Central banks have a crucial role to play. There are clear complementarities between financial and monetary stability. Sometimes these are formally recognised in their official mandate, but even when this is not the case, central banks must take them into account in their policy decisions. In this respect, I would like to quote from a book by the brilliant Bank of Italy economist Curzio Giannini, who passed away prematurely about ten years ago. In that “beautifully written and illuminating” work,1 as Charles Goodhart describes it in his foreword, Curzio clearly saw the likely consequences of financial developments, and concluded:
In the years to come, the most interesting developments will probably be precisely in the sphere of supervision and regulation. […] Whatever its detractors may say, the central bank has no need to move into new lines of business. Capitalism generated the central bank and capitalism will come to it again, even if the current infatuation with the financial markets’ self-regulating capacity were to endure. […] The central bank produces an intangible but essential good – trust – of which capitalism (based as it is on a pyramid of paper if not mere electronic signals) has an immense need. We must not forget that trust, or its synonym “confidence”, derives from the Latin fides, meaning faith, which cannot be produced simply by contract. In fact the legitimacy of central banks does not lie in their policy activism, or the ability to generate income, or even, save in a highly indirect sense, their efficiency. Rather, […] it derives from competence, moderation, the long-term approach, and the refusal to take any tasks beyond their primary role.

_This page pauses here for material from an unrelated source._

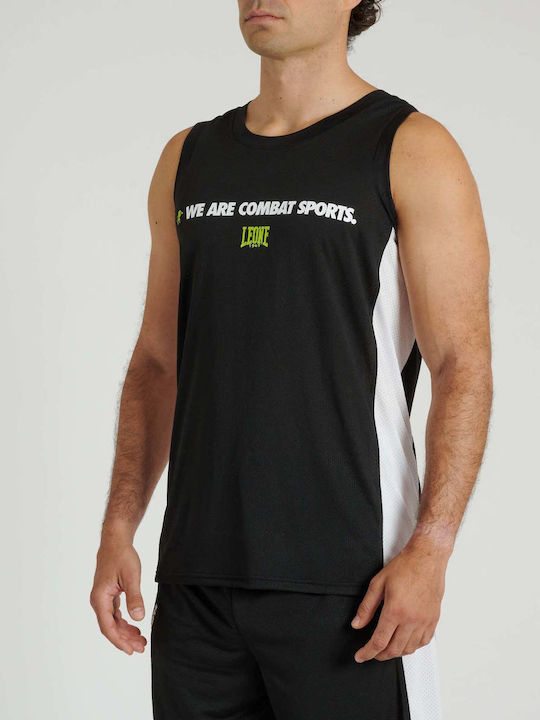 Leone 1947 Sleeveless Shirt ABX124 Black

If, as I am sure, there is another phase in the development of central banking, it will spring from these values.
In the end this is, perhaps, what society should expect, if not from the financial sector, from those who are called to look after financial stability.”
1 Giannini, C (2011), The age of central banks, Cheltenham, UK: Edward Elgar, Cheltenham, p. 255 and pp. 258-259, English translation of L’età delle banche centrali, Bologna: Il Mulino (2004).